• **How to complete this task**
Retype the listing found below exactly, but leave out each picture.

• **Provided data**
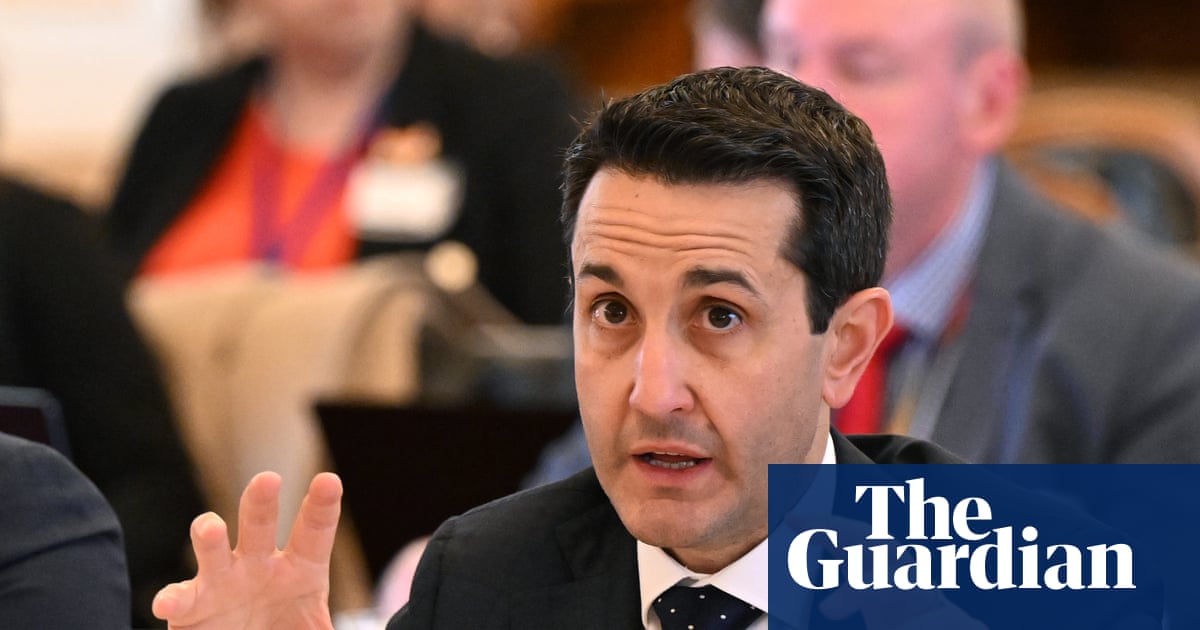 David Crisafulli claims drop in Queensland crime victim rates but Labor says he’s cherrypicking data | Queensland David Crisafulli claims drop in Queensland crime victim rates but Labor says he’s cherrypicking data | Queensland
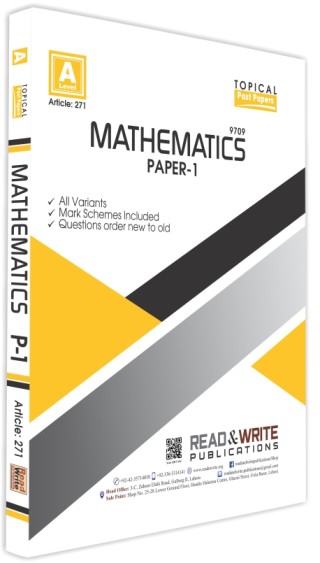 Mathematics Topical Past Papers 1
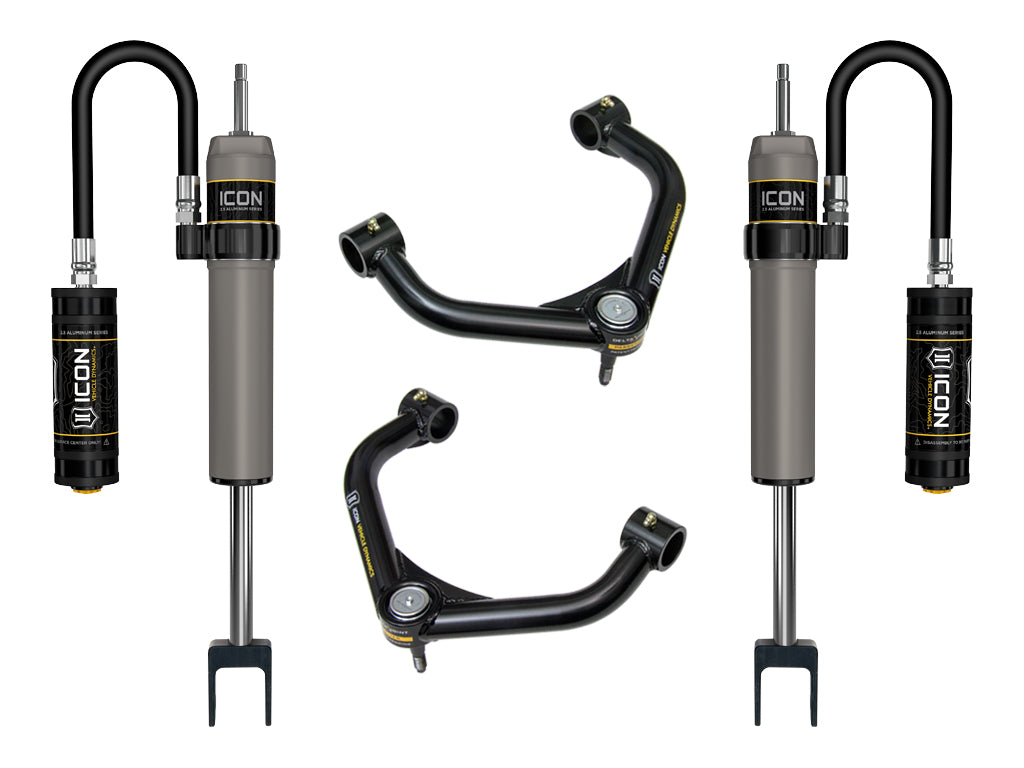 11-19 GM HD 0-2 Inch 2.5 Pb Shock System W/ UCA ICON Vehicle Dynamics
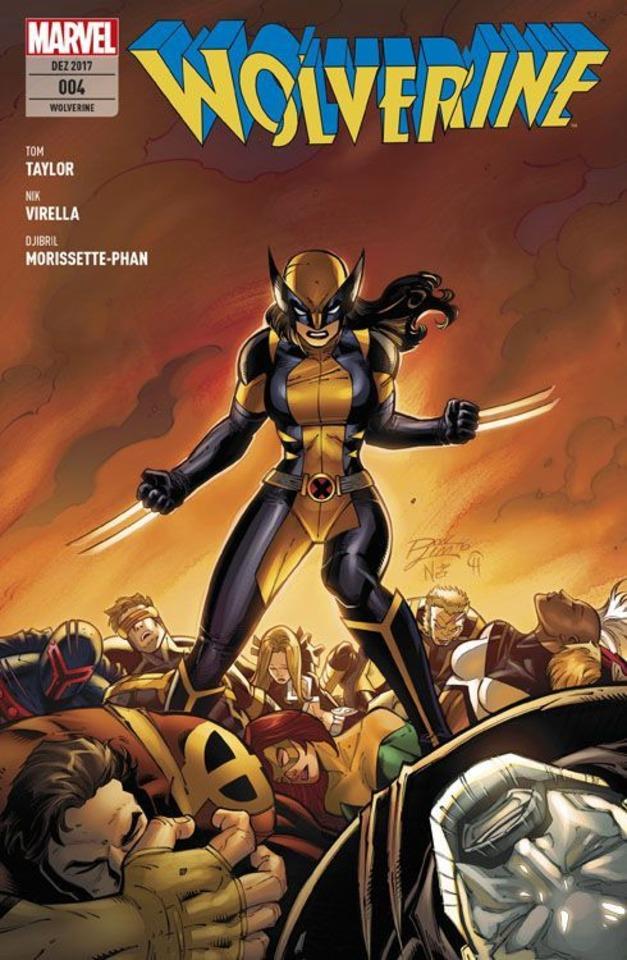 Wolverine #4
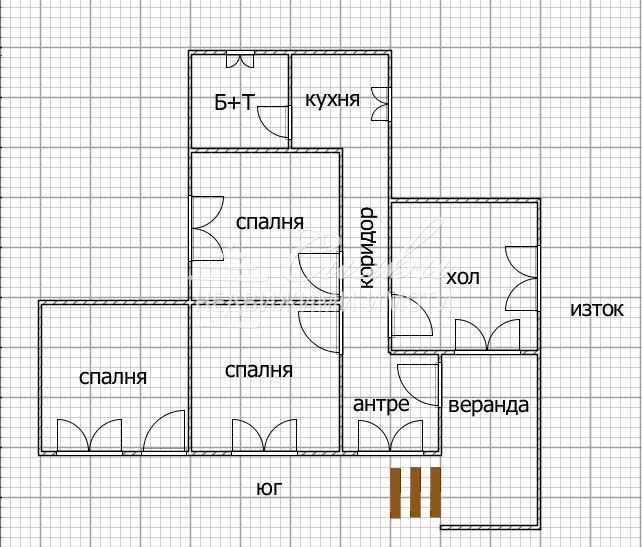 Едноетажна къща с РЕСТОРАНТ в гр. Нови Пазар!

• **Task answer**
 David Crisafulli claims drop in Queensland crime victim rates but Labor says he’s cherrypicking data | Queensland David Crisafulli claims drop in Queensland crime victim rates but Labor says he’s cherrypicking data | Queensland
 Mathematics Topical Past Papers 1
 11-19 GM HD 0-2 Inch 2.5 Pb Shock System W/ UCA ICON Vehicle Dynamics
 Wolverine #4
 Едноетажна къща с РЕСТОРАНТ в гр. Нови Пазар!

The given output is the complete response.